Der Rhythmus, den sie dabei erzeugte, ließ sie an das Stück denken, dass sie im
Unterricht geübt hatte. Jede mal, wenn sie an einer Laterne vorbei war, fiel
ihr der seltsam riesige, monströse Schatten auf, den sie mit dem Cello warf und
der im Walzerschritt vor ihr her schwankte, blasser wurde, verschwand und
hinter ihr wieder auftauchte.
Für
mehrere Häuserblocks war sie ganz und gar vertieft in ihr Tun, genoss die
Stille der Stadt in Kombination mit dem Takt ihrer Füße auf dem Pflaster.
Als
sie schließlich von der breiten Hauptstraße in eine Nebengasse einbog, fand ihr
Spielchen ein Ende. Sie hob den Blick und blinzelte in das helle Licht der
nächsten Laterne.
S.
blinzelte nochmals. In der Dunkelheit zwischen zwei Häusern hatte sie eine
Bewegung wahr genommen.
Kurz
kam ihr die Vermutung, es sei nur Einbildung gewesen und durch das blendende
Licht würden ihre Augen ihr einen Streich spielen, aber da war noch etwas
anderes.
In
ihrem Magen breitete sich ein seltsames Gefühl aus. Es war nicht das angenehme
Flattern von Schmetterlingen, was sie verspürte, wenn ihr ein Stück beim Cello
spielen besonders nah ging, es waren eher schwarze Nachtfalter, die sich unsanft
einen Weg durch ihre Eingeweide suchten. S.s Schrittlänge verkürzte sich
unbewusst, doch sie bewegte sich noch einige Schritte weiter auf den Durchgang
zu und blieb dann stehen.
Immer
noch war sie sich nicht sicher, ob sich wirklich etwas im Dunkeln bewegt hatte,
doch die Nachtfalter flatterten immer noch hart in ihrem Bauch und lösten ein
unangenehmes Prickeln in ihrem Nacken aus. Einen Moment lang überlegte sie, ob
sie einfach ein "Hallo?" in die Gasse werfen sollte, doch ehe sie
sich dazu entschließen konnte, trat aus dem Häuserspalt eine Gestalt
hervor.
S.
wusste sofort, warum sie so ein schlechtes Gefühl gehabt hatte. Der Mensch war
unwahrscheinlich schmutzig und trug zerrissene Kleidung. Eine Art Anorak, der
einmal hellblau gewesen sein musste, strotze vor Dreck und war ungewöhnlich
dick gefüttert. Die Gestalt blickte fast starr in ihre Richtung, bewegte sich
jedoch vorläufig nicht. Die Haare hingen filzig in sein Gesicht und
verdeckten teilweise eine schreckliche Narbe, die sich über eine Gesichtshälfte
zog.
Was
sollte sie nur tun? Das war ganz eindeutig ein Outsider, ein Fremder, ein
Mensch von der Außenwelt. Was wollte er hier und was wollte er von ihr? Bevor S.

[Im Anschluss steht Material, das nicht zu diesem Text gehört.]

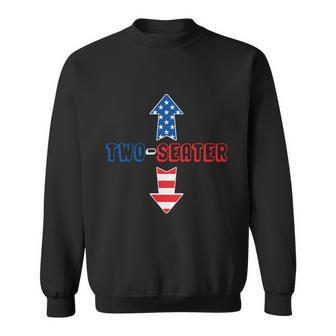 Two Seater Funny 4Th Of July Day Vintage Plus Size Graphic Shirt For Men Women Sweatshirt - Monsterry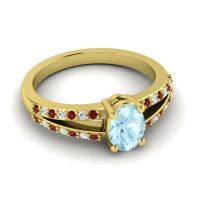 Oval Bhava Ring, 7x5mm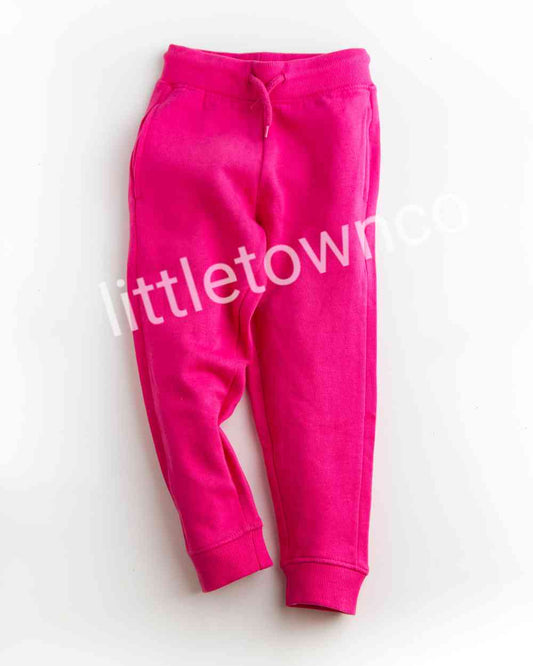 ZM Pink fleece trousers for girls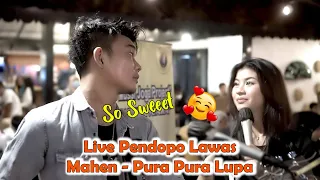 Download Aduh So Sweeet Banget !!! PURA PURA LUPA - MAHEN (LIRIK) COVER BY NABILA MAHARANI FT. TRI SUAKA MP3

einen Plan fassen konnte, kam Bewegung in den Mann. Er zischte einen Fluch und
stieß sich mit den Händen von der Wand hinter sich ab. Wie ein Läufer der durch
den Schuss der Starterpistole das Rennen beginnt, sprintete er in die Gasse von
S. weg. Dabei machte er kaum Geräusche auf dem Asphalt der schmalen Straße und
war nach wenigen Sekunden aus S.s Blickfeld verschwunden.
S.
ließ die Schultern sinken, merkte erst jetzt, dass sie diese ängstlich
hochgezogen und die Luft angehalten hatte. Das Herz schlug ihr bis zum Hals.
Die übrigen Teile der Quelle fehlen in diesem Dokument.